IN my capacity as an unlicensed chauffeur (airport runs a speciality) I went to Ikea last weekend for a pick-up. As I waited outside a squad of Japanese soldiers emerged asking if the war was still going on. Behind them was a wild-eyed couple babbling about only having popped in for a bag of tea lights five years ago. That’s the Swedish furniture giant for you. As one shopper said in Flatpack Empire (BBC2, Tuesday, 9pm), “As soon as yer in, ye can’t get out.” Michael Corleone once said the same of the Mafia.

As Tom Swingler’s film boasted, this was the first time in the firm’s 70-year history that the management had allowed cameras in for a poke behind the scenes. At first it hardly seemed worth the wait. Despite everyone saying how extraordinary an outfit Ikea was, there did not seem much that was remarkable aside from the staff’s near religious dedication to selling flatpack furniture.

More promising was a peek at the collaboration between Ikea and Tom Dixon, described as an “enfant terrible” of British design. Tom was working on a bed that could double as a sofa. “It’s not a sofa bed, he explained,“it’s a bed sofa. But it’s really a platform for living.” You can see how Tom earned that enfant terrible label.

For all the lack of excitement, the programme was a curiously compelling watch, as if whatever mysterious pull the stores exert had transferred to television. How else to explain why, after an hour of Swingler’s film, I spent an age on the firm’s website looking at Dixon’s bed/ sofa/hingamyjig. No, this wasn’t free advertising at all.

The only thing being punted on Endeavour (ITV Sunday, 8pm) was good old fashioned class warfare. As the 1960s headed to a close, Morse and his boss DI Fred Thursday (Shaun Evans and Roger Allam) were investigating a series of murders linked to an Oxford dining club notorious for smashing up restaurants and other high jinks. Where do these writers get their wild ideas from?

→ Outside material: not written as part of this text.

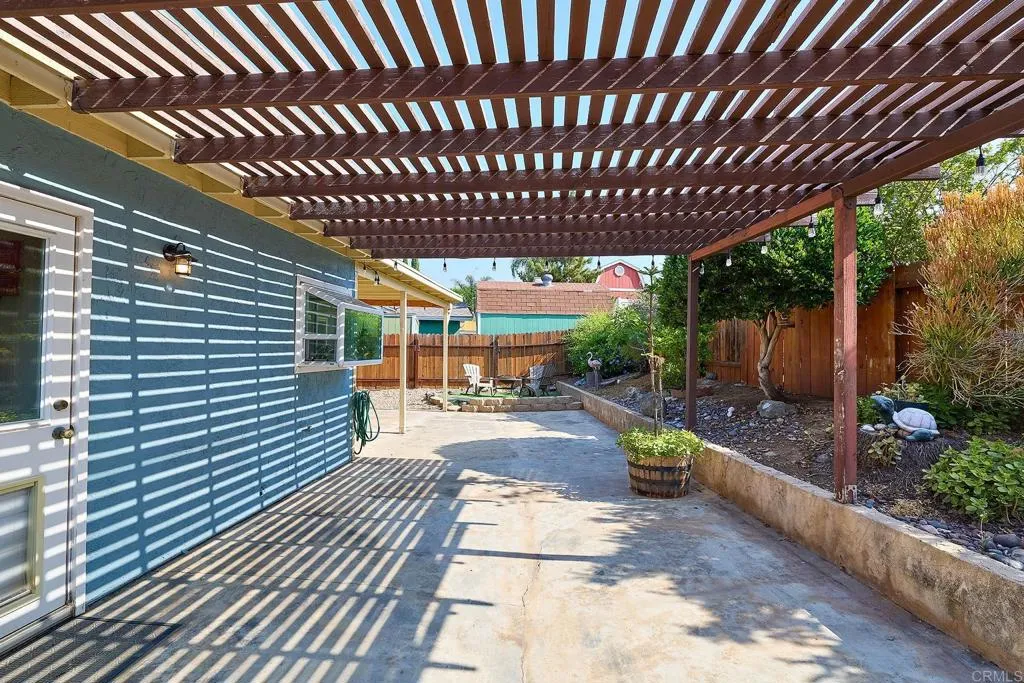 https://cdn.realtyfeed.com/cdn/127/306517453/ec74135d495454ba676467c4b3c04ebf.webp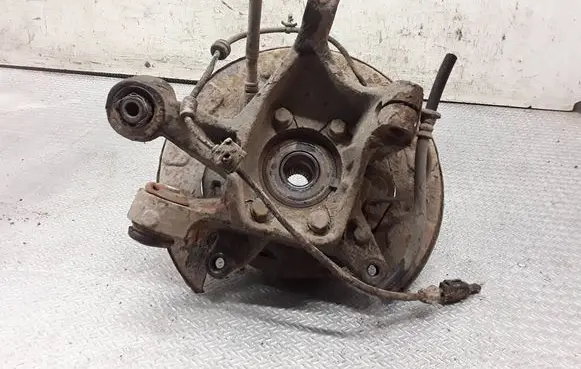 Subaru Forester SH Rear wheel hub spindle/knuckle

Even after all this time I still cannot quite buy Evans as the man who would one day be John Thaw. The Scouse twang continues to confuse. That doesn’t spoil the enjoyment, though. I’m rather partial to the sarky pathologist Dr Max Debryn who this week, asked about a cause of death, sighed: “His head’s in this room and his body’s in the other. That might have something to do with it”. But the star turn continues to be Roger Allam’s Thursday, a toweringly decent man whose rants are rare but always magnificent. While the murders are a bit of a downer, it is a crime drama. Omelettes, eggs and all that.

There was a lot of egg breaking going on as Spiral (BBC4, Saturday, 9pm) cruelly came to an end for another while. Why do the French writers need such a long break between series? They seem to work shorter hours than the country’s air traffic controllers. Laure (Caroline Proust) closed the series as she began, fretting over whether she could cope as a single mother to baby Romy. What a gut-wrencher of a final scene. Everything is now perfectly set for what is rumoured to be a last series. Whenever you are ready, mes amis.

There was a young Laure-type on The Secret Life of Five-Year-Olds: All Girls (Channel 4, Tuesday, 8pm), a special edition of the Channel 4 hit to mark 100 years since some women got the vote. Jet was her name. While the other girls were oohing and aahing over dolls, dresses and a hair salon, Jet was happy playing football. Good for her was the experts’ verdict, and so say all of us.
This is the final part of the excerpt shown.